Even when teaching children English in other countries, teachers typically use traditional songs from the US and the UK. However, English is the world’s lingua franca, a global language shared by many cultures. It is not solely connected to American and British cultures.
So, do kids around the world always have to sing about Old MacDonald to learn about farm animals in English? Or is there another way?
Global perspective on songs
Since 2004, I have been providing professional development to thousands of English teachers in over 100 countries through online courses and in-person workshops. This experience, primarily with teachers of young learners, has given me a global perspective on English language teaching around the world.
It also inspired me to search for a new approach for teaching English through songs.
Based on my own passion for using songs to teach children language and my interest in other cultures, I began collecting children’s songs in different languages through my global network of teachers.
Although distinctive in their language and melodies, the songs I collected from over 50 countries had much in common.

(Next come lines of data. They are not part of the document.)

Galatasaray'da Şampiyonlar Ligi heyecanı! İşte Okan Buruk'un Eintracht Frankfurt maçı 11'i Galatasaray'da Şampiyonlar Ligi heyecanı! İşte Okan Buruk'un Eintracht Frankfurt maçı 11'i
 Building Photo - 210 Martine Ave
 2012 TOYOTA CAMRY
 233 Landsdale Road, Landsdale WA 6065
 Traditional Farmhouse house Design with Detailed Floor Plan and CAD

The songs were all short, repetitive, catchy and easy to remember. They played with the sounds of the language through rhyme and rhythm and often had corresponding body movements. They also had common topics interesting to kids, like animals, nature, toys and family.
All the songs shared certain qualities that made them attractive to children. This led me to consider the possibility of using these songs as an interesting and compelling source of cultural material for the classroom.
International children’s song approach
The approach I developed is simple. It combines my research in using songs to teach children with my search for appropriate cultural materials for teaching English as a global language.
It is called the “international children’s song approach” and uses songs from around the world to teach English to kids. Children can learn a version of the song their peers are learning around the world. Examples can be found in the English language program I coauthored, Welcome to Our World.
Instead of singing “Old MacDonald Had a Farm” to learn about farm animals, children can sing a song in English that originally comes from another country or culture.
For example, children in Turkey learn a song about farm animals through a similar song in Turkish, called Ali Babanın Çiftliği or Ali Baba Has a Farm.
See the original song and a translation in English below.
Ali Babanın bir çiftliği var (Ali Baba has a big farm.)
Çiftliğinde inekleri var (On his farm, there are cows.)
Mö, möö diye bağırır (Moo moo, they go.)
Çiftliğinde Ali Babanın (On Ali Baba’s big farm.)
The melody for Ali Baba Has a Farm is completely different from Old MacDonald; but similar to its American counterpart, the Turkish song has a catchy, rhythmic tune that is repeated with other animals and their corresponding sounds.
Using the international children’s song approach, teachers from around the world can use an English adaptation of Ali Baba Has a Farm in their English language curriculum.